#### Task to carry out:
Your reply should be a faithful copy of the records below, free of pictures.

Collected data entries:
==================================================
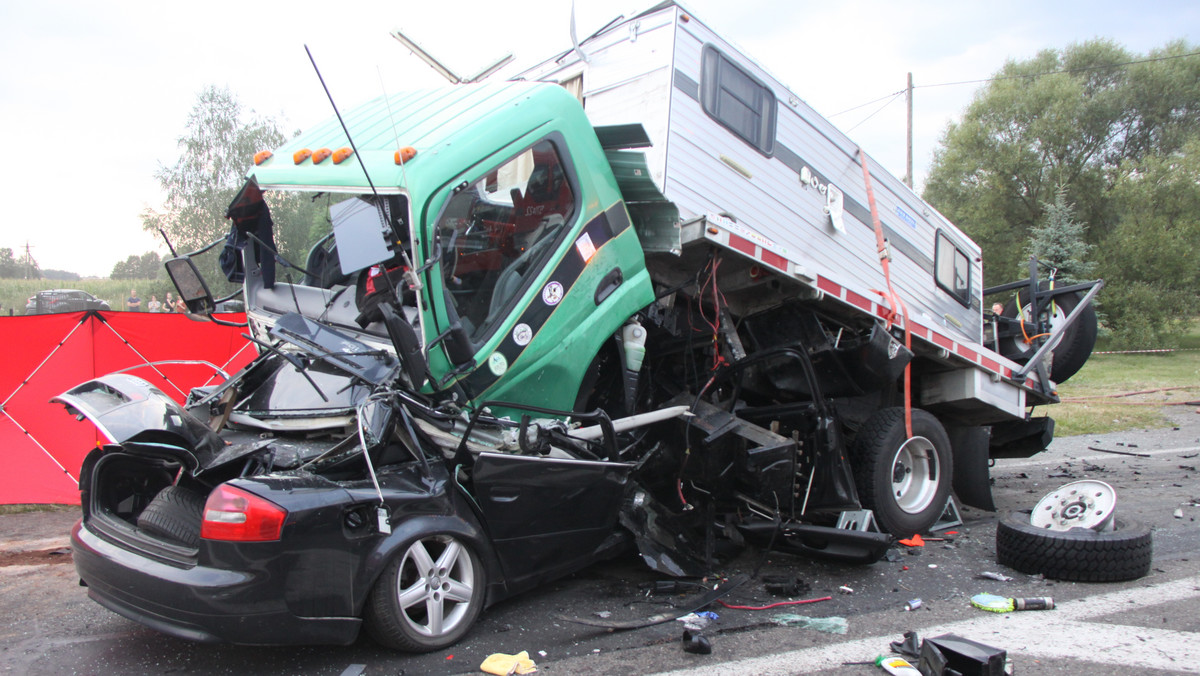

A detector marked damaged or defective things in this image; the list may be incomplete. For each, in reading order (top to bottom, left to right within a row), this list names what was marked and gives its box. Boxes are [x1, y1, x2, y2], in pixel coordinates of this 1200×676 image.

detached wheel [1003, 282, 1099, 386]
detached wheel [854, 408, 955, 540]
detached wheel [364, 535, 482, 648]
detached wheel [993, 513, 1152, 581]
==================================================
#### Completed exercise:
A detector marked damaged or defective things in this image; the list may be incomplete. For each, in reading order (top to bottom, left to right within a row), this list names what was marked and gives its box. Boxes are [x1, y1, x2, y2], in pixel coordinates of this 1200×676 image.

detached wheel [1003, 282, 1099, 386]
detached wheel [854, 408, 955, 540]
detached wheel [364, 535, 482, 648]
detached wheel [993, 513, 1152, 581]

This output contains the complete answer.